** SOURCE INFORMATION **
▼
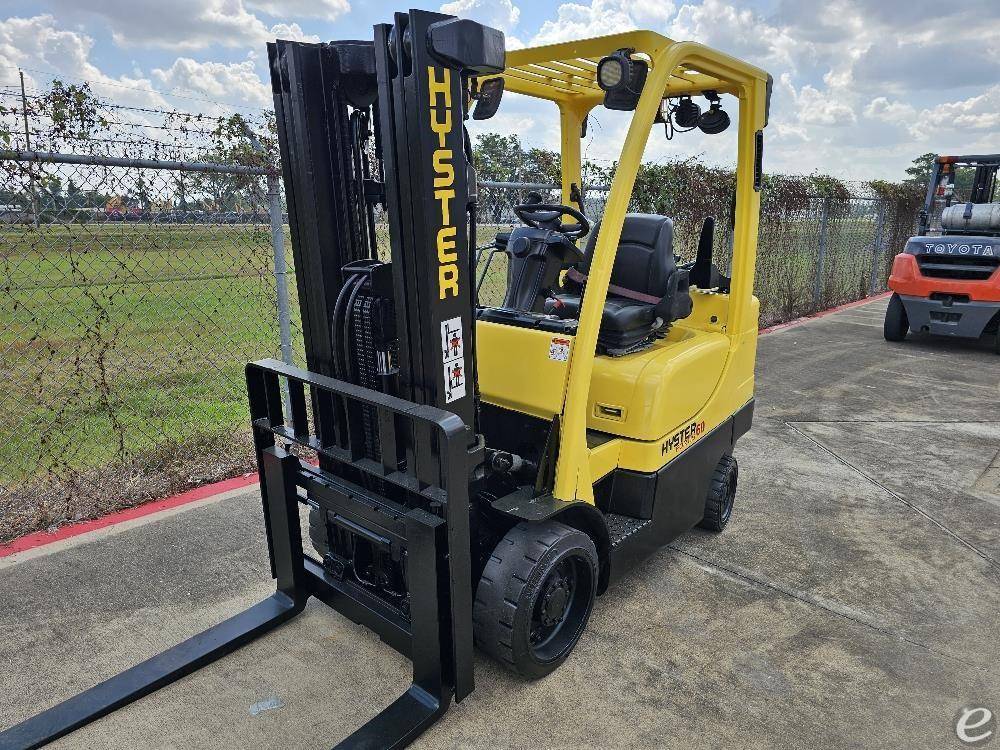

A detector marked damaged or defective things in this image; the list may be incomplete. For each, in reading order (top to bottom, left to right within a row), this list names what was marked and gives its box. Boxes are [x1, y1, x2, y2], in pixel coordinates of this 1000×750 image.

pavement crack [784, 424, 996, 568]
pavement crack [668, 548, 996, 680]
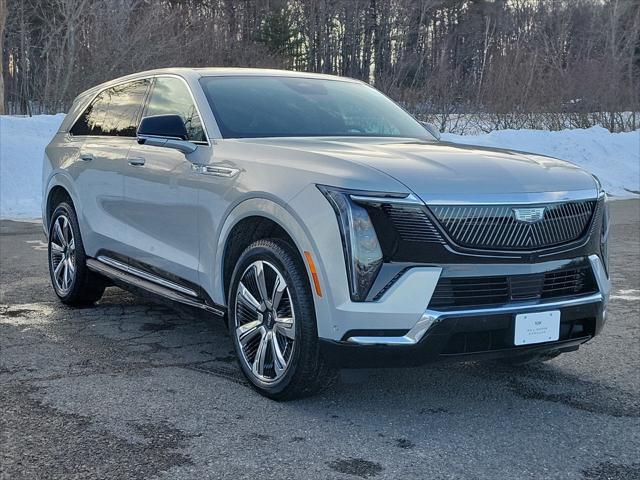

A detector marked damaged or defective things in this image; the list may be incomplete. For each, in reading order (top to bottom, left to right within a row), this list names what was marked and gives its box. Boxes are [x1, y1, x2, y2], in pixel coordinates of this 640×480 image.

cracked pavement [0, 201, 636, 478]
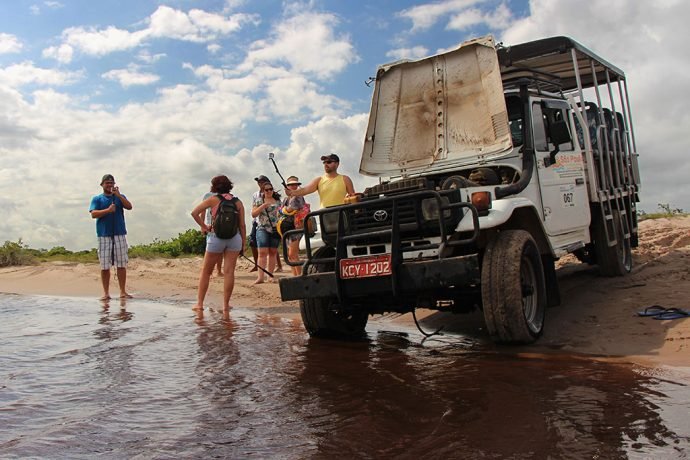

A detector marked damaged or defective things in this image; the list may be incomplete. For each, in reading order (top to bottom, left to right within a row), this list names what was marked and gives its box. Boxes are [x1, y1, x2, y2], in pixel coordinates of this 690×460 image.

rusted truck hood [360, 35, 510, 176]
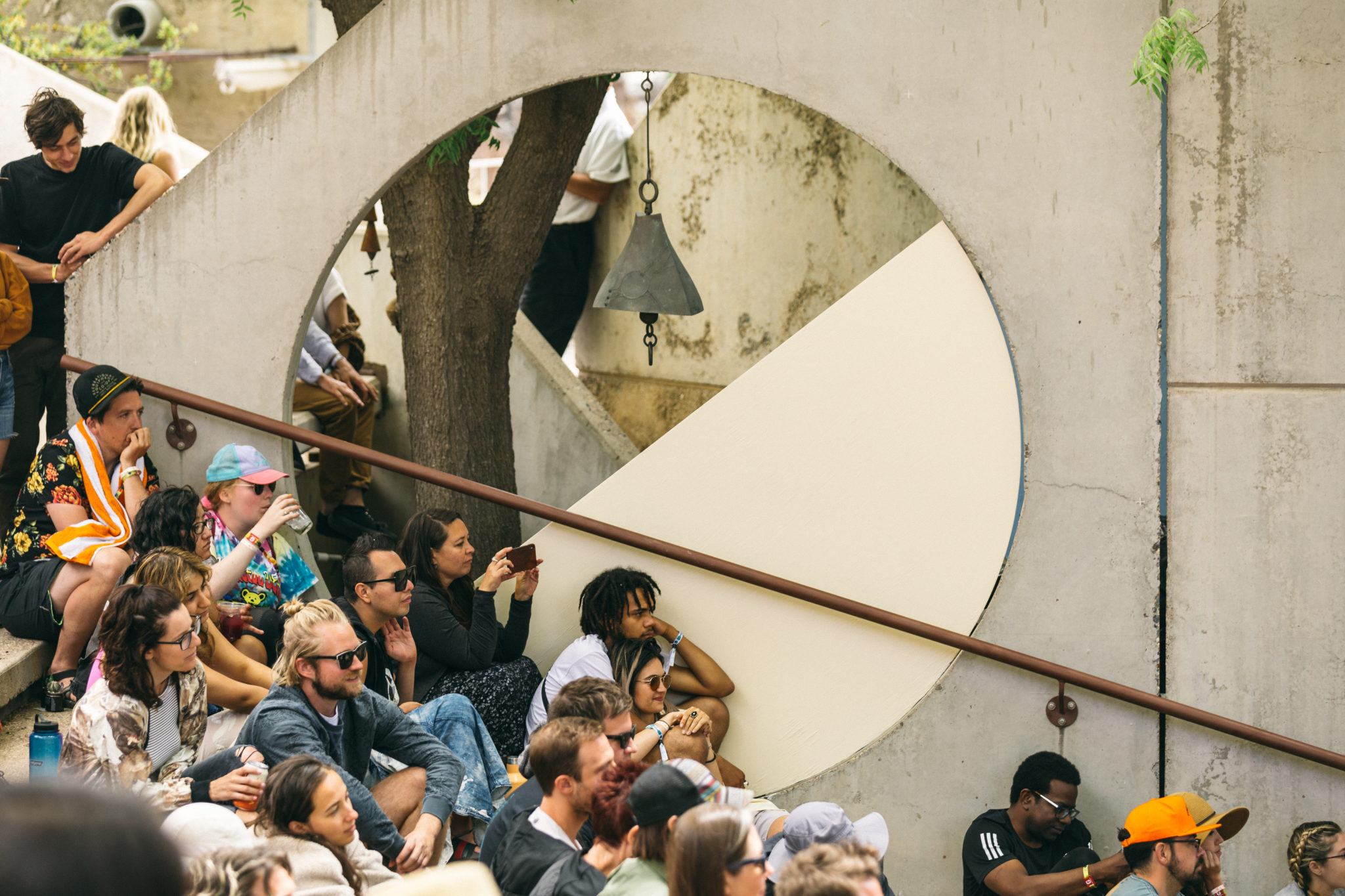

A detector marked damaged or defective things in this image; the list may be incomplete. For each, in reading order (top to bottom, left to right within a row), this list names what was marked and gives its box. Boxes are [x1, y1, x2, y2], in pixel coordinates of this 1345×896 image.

rusty railing pipe [63, 354, 1345, 773]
▲
Repeat the line that contains "this 690×460 image." and each line after it, through the last line of the listing, exactly and alone; pictures stay out of the repeat.

** WORKED SOLUTION **
A detector marked damaged or defective things in this image; the list may be incomplete. For each, in reading order (top to bottom, left to right within a row), this list names what was marked and gives its box. Boxes are [x1, y1, x2, y2], in pixel coordinates of this 690×460 image.

rusted truck hood [360, 35, 510, 176]

A detector marked damaged or defective things in this image; the list may be incomplete. For each, in reading order (top to bottom, left to right within a row), this list names what was marked and gives its box. Boxes are [x1, y1, x2, y2], in pixel coordinates of this 1345×896 image.

rusty railing pipe [63, 354, 1345, 773]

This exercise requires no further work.